I read this post over after posting and thought I was getting a bit melodramatic, maybe as its getting near the anniversary of Dads death.
I try not to prepare what I'm going to blog about, other than the calebndar lead stuff about the squadron as I do want to keep to timescales as much as I can, and just try to get out whats in the brain cell, and what I'm feeling, at the time.
I'm glad you liked it.
And thanks for the kind words......
and I'm not a writer!
kind regards....Al.
Al - what a beautifully written, moving compassionate post. As a boy, I was a bit obsessed with the Lancaster (James May's recent broadcast where he talked about his childhood fascination with making Lego Lancasters?
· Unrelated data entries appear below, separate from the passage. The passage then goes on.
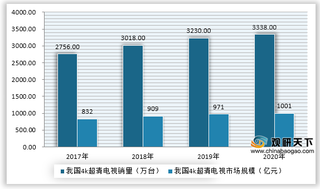 超高清视频产业会开幕 我国4k超高清电视行业增长空间较大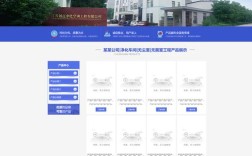 如何查看织梦（DedeCMS）网站？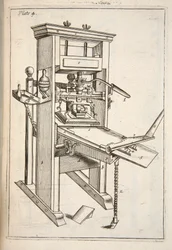 The Printing Press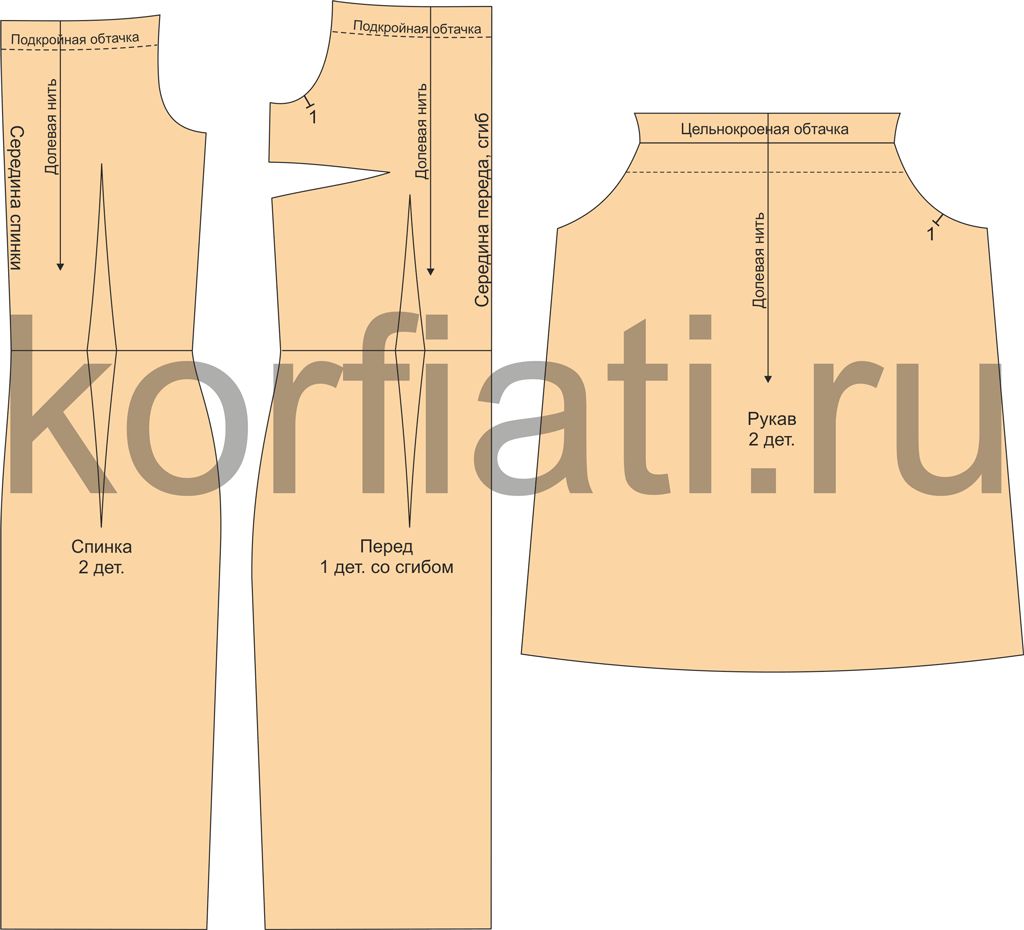 图纸集| 一字肩礼服裙/拼接喇叭牛仔短裙 /荡领垂褶连衣裙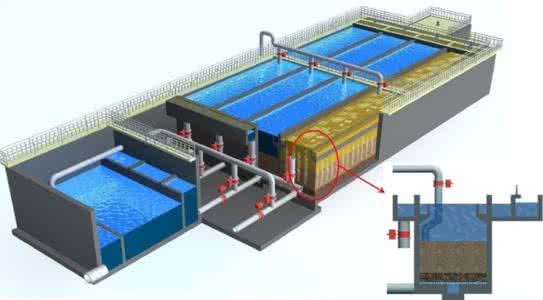 反硝化深床滤池 反硝化滤池 反硝化深床滤池的自动化控制_关辉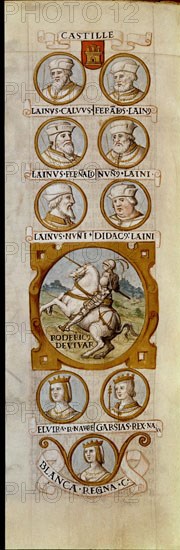 CARTAGENA ALFONSO DE 1385-1456
GENEALOGIA DE REYES DE ESPAÑA - DETALLE DE LOS NAVARROS Y CASTELLANOS - (CONJ 99483)
MADRID, BIBLIOTECA NACIONAL
MADRID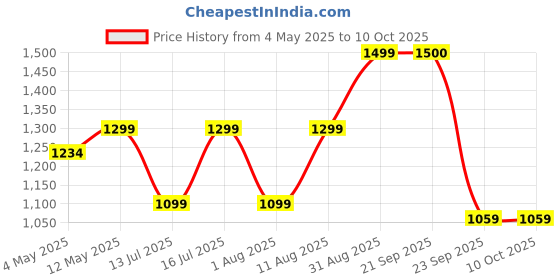amazon.in Escozor® DFL01 Fingerprint Drawer Lock, Smart Biometric Cabinet Lock, Safety Electric Fingerprint Lock, Drawer Wardrobe Lock, Furniture Privacy Lock (Upto 10 Fingerprints can be stored)(with Ekey) Price History Graph from 4 May 2025 to 10 Oct 2025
Been there, built that). But at that age, inthe late 60's and early 70's, it was a romantic notion derived from comics and The Dambusters, etc. Consideration of the sheer discomfort, horror and the unbelieveably high risk that was involved in those missions doesn't really occur to you at that age. But you can well understand the appearance of euphemisms for the danger and "buying it". Thanks for a great article, SNB
Alistair
That was by far & away your most incredible post so far, not melodramatic in the least, just very, very moving and so touching, and as the others say, wonderfully written and full of compassion.
This was different class.
You simply made it amazingly REAL ...
Walking round that 'plane and seeing with your Dad's inside knowledge must have taken great strength of character by you and I know you'll have shed a few tears too .,., my blood also ran cold and I too shed a tear just reading the detail of what these men had to do, and did, and how they coped. I don't know if there was, but there certainly should have been a medal awarded for OMF ( outstanding moral fibre )
Phew ,, oh boy ,, the bravest indeed ,, thankfully we'll never know this kind of fear, nor if we would have had this kind of courage ?
Keep doing what you do Alistair ,, you ARE a writer ! Scudder
like others i too think a book on the squadrons history would be a great read with your writing alistair...great reading...thanks
Al - I posted a link to this article on my Facebook site and one of my friends, a wise and scholarly woman said: "Everyone is a writer - some a better than others, and he is brilliant. It would make a marvellous book". So there you are...
Hullo All,
Listen, thank you all so much for the comments on this post, which have been both surprising and very moving for me as its getting to be a more intense journey the further I go - although it's also very enjoyable.
I am finding my feet with the content and becoming a bit better organised with the detail I think, but to get comments like these on a post which comes from translating personal experience from the East Kirkby visit and conversations with Dad is very moving and encouraging. Genuinely, thanks for your support.
I have a post coming to do with finding my voice for the blog hopefully shortly. I need to get clear of the weekend first.